In fact, the second piece of the evening, Mozart's Exsultate jubilate, K 165, was composed in Milan for the lead castrato in Mozart's opera Lucio Silla. Never at a loss, the young Mozart composed several pieces in the last weeks of 1773, while he was waiting to go home to Austria. Arianna Zukerman, with a gorgeous coloratura and a voice so distinctive one would recognze her anywhere, sang the solo with a small orchestra and Mr. Thomas conducting. Trills, roulades, ornamented lines, glides from low notes to high: Miss Zukerman gave the exultant music her expressive all. The closing Alleluias seemed an outpouring from her heart.
If sacred music were meant to be celebratory rather than expressive, the point Charles Rosen makes about orthodox Roman Catholic Church preferences in his masterwork 'The Classical Style', then surely the expressive qualities in Sunday's program seemed to make it music for a concert hall rather than for a church. Still, only briefly at the very beginning, with Haydn's Missa brevis Sancti Joannis de Deo, did the orchestral instruments seem to overwhelm the choral voices; if it is the voice which celebrates, for the most part the University Chamber Singers did indeed pay heed to the words as might have the voices of the Brothers of Mercy at Leopoldstadt, for whom Haydn composed the mass more than 200 years ago. While voices and instruments blended, the Latin words were always clear. And the choral voices, while celebratory, seemed to express feelings from grief to penitence to joy. Certainly as the mass reached the Benedictus and the soprano solo, Miss Zukerman's voice rang out with such power and beauty that it was like a blessing from another world.
The Haydn is called familiarly 'The Little Organ Mass.' Mr. Thomas played the organ, while Fawzi Haimor was a sensitive, attentive conductor.
With Haydn's Mass as an introduction, the Mozart Requiem, K626 (Mass in d minor) was the climax of an amazing evening. For this, the full orchestra, the University Chorus and the Quartet took the stage. An expert in music theory and history might hear easily that Mozart was influenced by opera but that he also returned to old-fashioned compositional techniques like counterpoint and fugue. I admit I was so taken by the music---whether the blended voices of Miss McKee and Miss Zukerman, or strong solos by Mr. Trevino and Mr. Rogers, or individually distinct, harmonious and balanced sections of the Chorus---that I did not even follow English translations of the Requiem in the program much less think of following a score. And, as lovers of Mozart know, the Requiem was completed by others after the com;poser's death. I cannot compare Robert D. Levin's completion---Jeffrey Thomas's choice for this performance---with other earlier completions because I haven't heard them. But the music seemed to be Mozart from beginning to end.

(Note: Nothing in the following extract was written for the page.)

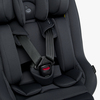 BM-O3II-ANTHRACITE-2154_3h.jpg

Before attending another concert of sacred music, I shall surely review the order of the mass, from Introitus to Communion, read the words before I go...and listen to a recording of whatever we shall hear. I missed a lot on Sunday. However, I did hear the sincere, prayerful qualities of the human voice, especially as the University Chorus balanced with the orchestra to conclude the evening with Mozart's Ave verum corpus, K618. And I did throughout the evening succumb to the spell of Mozart and Haydn.